Cette citation de Xénophon (IVe siècle) montre la place essentielle d’Homère dans l’éducation grecque, et ce jusqu’au 1er siècle av. J.C. Dès le VIe siècle, on peut lire Homère, grâce à la mise par écrit de L’Iliade et de L‘Odyssée. Le passage de l’oral à l’écrit n’est donc pas un frein à la transmission des récits d’Homère. Sa mission éducative continue au contraire et se répand d’autant plus que le poète n’est plus le seul à pouvoir raconter les récits homériques. On peut également les lire, et ces livres deviennent la base de l’éducation grecque. Les jeunes grecs lisent Homère et apprennent par cœur la totalité de l’Iliade et l’Odyssée, comme l’affirme Xénophon. Platon lui-même connaît très bien Homère, et Socrate, dans les dialogues platoniciens, cite régulièrement Homère, notamment dans le Ion.

L’éducation homérique

Mais qu’apprend-t-on en lisant Homère ? Trois formes d’éducation peuvent être distinguées : une éducation morale, religieuse et historique. L’éducation morale, tout d’abord, permet aux lecteurs des récits homériques d’apprendre à bien se conduire, à travers l’exemple des héros, modèles de vertu. L’éducation religieuse, ensuite, permet de savoir comment se comporter face aux dieux, et de connaître les différentes divinités grecques. L’éducation historique, enfin, permet aux lecteurs de l’Iliade et de l’Odyssée de connaître les événements importants de leur passé.
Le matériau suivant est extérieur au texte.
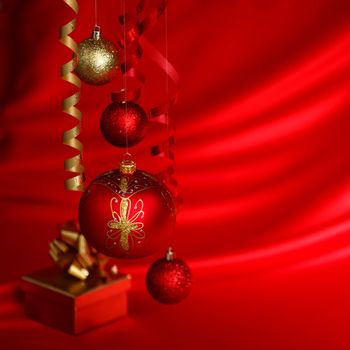  christmas balls on red satin background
Homère, éducateur de la Grèce

Pour exemplifier l’éducation transmise à travers la lecture des œuvres d’Homère, je prendrais l’exemple de l’éducation morale transmise notamment par l’Iliade. Le respect de la tradition, de la loi et de la religion sont trois aspects importants de l’éducation morale transmise par les épopées homériques. Concernant le respect des traditions, on trouve au chant VI de l’Iliade un bel exemple de comportement vertueux :

«Diomède au puissant cri de guerre aussitôt est en joie. Il enfonce sa javeline dans la terre nourricière, et au pasteur d’hommes, il adresse ces mots apaisants : ”Oui, oui, tu es pour moi un hôte héréditaire, et depuis longtemps. Le divin Oenée reçut jadis en son manoir ce Bellérophon sans reproche. Il l’y retint vingt jours, et ils se firent l’un à l’autre de magnifiques présents. (…) Ainsi je suis ton hôte au cœur de l’Argolide et tu es le mien en Lycie, le jour où j’irai jusqu’en ce pays. Évitons dès lors tous les deux la javeline l’un de l’autre, même au milieu de la presse. (…) Troquons plutôt nos armes, afin que tous sachent ici que nous nous flattons d’être des hôtes héréditaires.” Ayant ainsi parlé, ils sautent de leurs chars, se prennent les mains, engagent leur foi.» (Homère, Iliade, chant VI, vers 212-233)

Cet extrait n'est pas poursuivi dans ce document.